Credit: Idil Demirdag

Penn Dining does not offer enough vegetarian and vegan options, according to a petition posted in the University of Pennsylvania Class of 2019 Facebook page last month by Engineering freshman Anvi Dalal.

The form, which asked freshmen to describe the “problems they face at Penn dining" — specifically when trying to eat vegan or vegetarian food — sparked a discussion on whether Penn Dining is receptive enough to students with dietary restrictions and even whether a dining plan made sense for vegetarian and vegan students.

“There are very few options for vegetarians at Penn,” Dalal said. “I’m from India, and I’ve grown up as a vegetarian my whole life. It’s been quite a problem ever since I came here. If you’re a vegetarian there’s really just pizza, and I’m really tired of eating that because it’s not even that good of pizza. I finished last semester with around 120 meal swipes left.”

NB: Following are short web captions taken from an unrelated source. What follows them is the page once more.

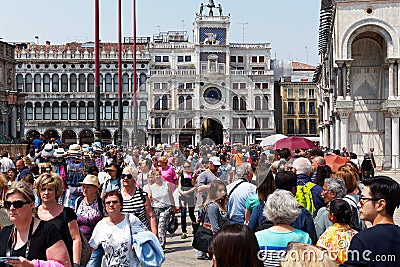 Pre Coronavirus Crowds in Saint Marks Square, Venice, Italy Editorial Stock Photo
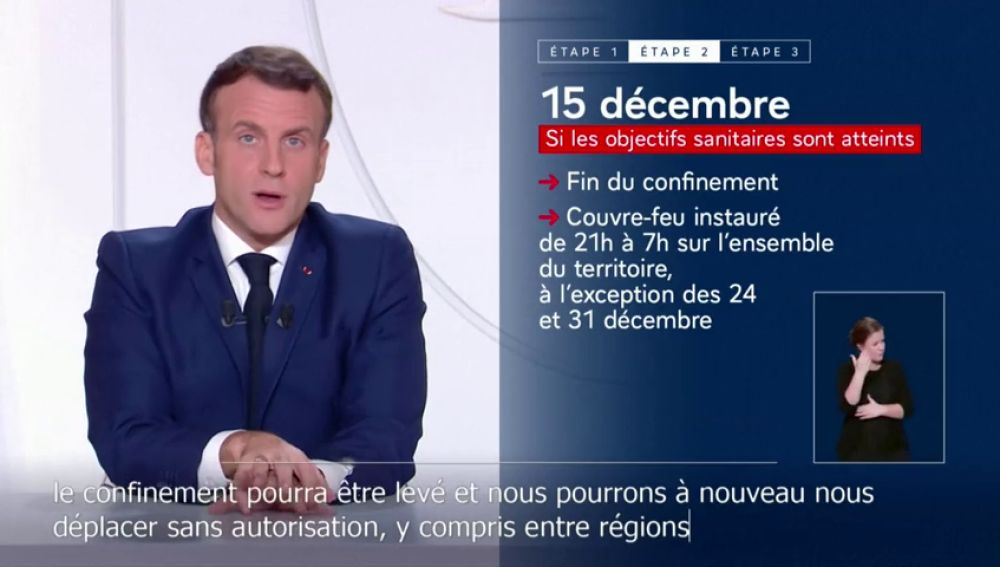 Macron ofrece el final del confinamiento en Francia a mediados de diciembre si bajan los casos de coronavirus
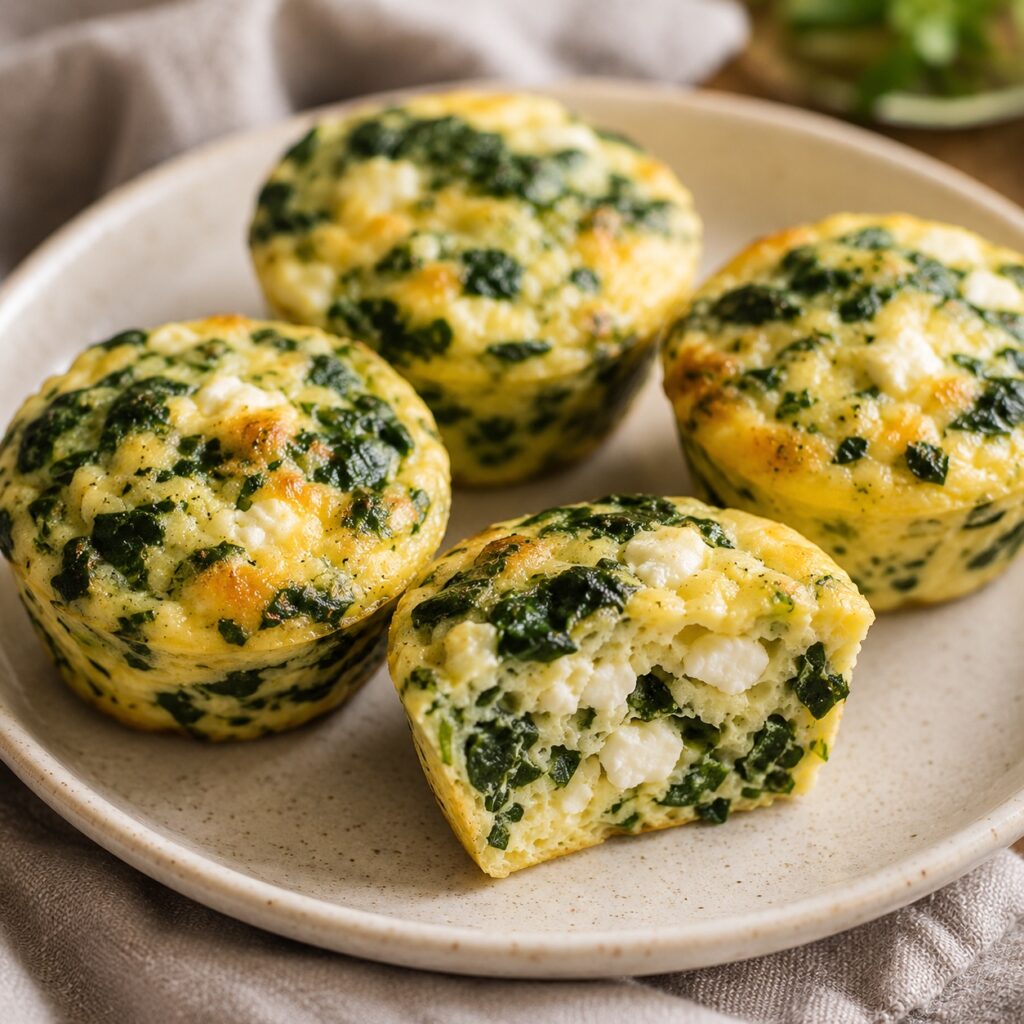 High Protein 1000 Calorie Meal Plan Simple Healthy Recipes spinach feta egg muffins breakfast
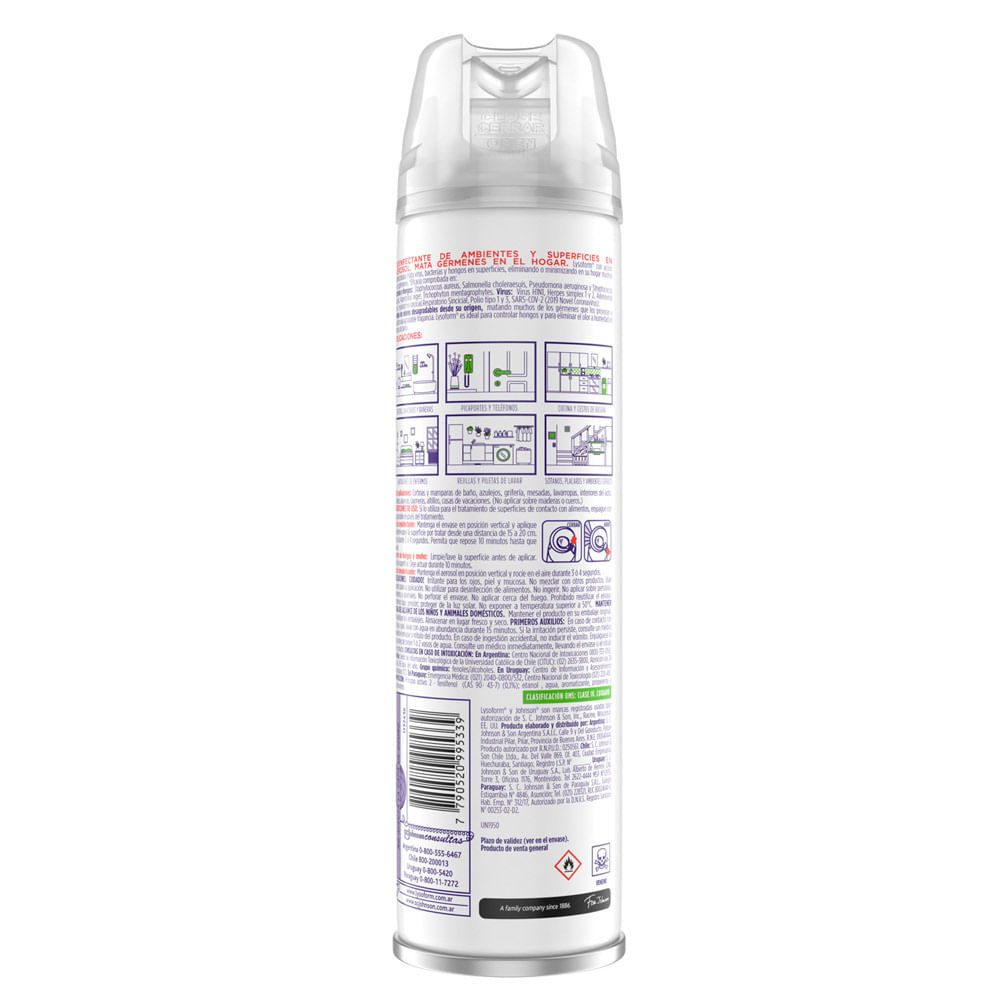 7 Pz -lysol Spray Desinfectante Elimina Virus, Gérmenes 354g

Dalal is hoping to send her petition to Penn Dining sometime soon.

While her petition received around 50 signatures, Daniel Connolly, a resident registered dietitian for Bon Appétit, insisted that, along with Penn Dining, Bon Appétit does everything it can to make sure every student can find something they like.

“While chefs get a lot of leeway with what they are cooking, Bon Appétit enforces strict guidelines to make sure there are vegetarian and vegan options at every meal,” Connolly said. “I suggest students go online and take a look at what each of the dining halls are serving in terms of vegetarian and vegan options before each meal. There is really a lot to choose from. Looking at the menu, I can see lots of different vegetarian and vegan substitutes for almost anything you want to eat.”

Students who have problems with their dining experience are encouraged to reach out to Bon Appétit directly through the Penn Dining website.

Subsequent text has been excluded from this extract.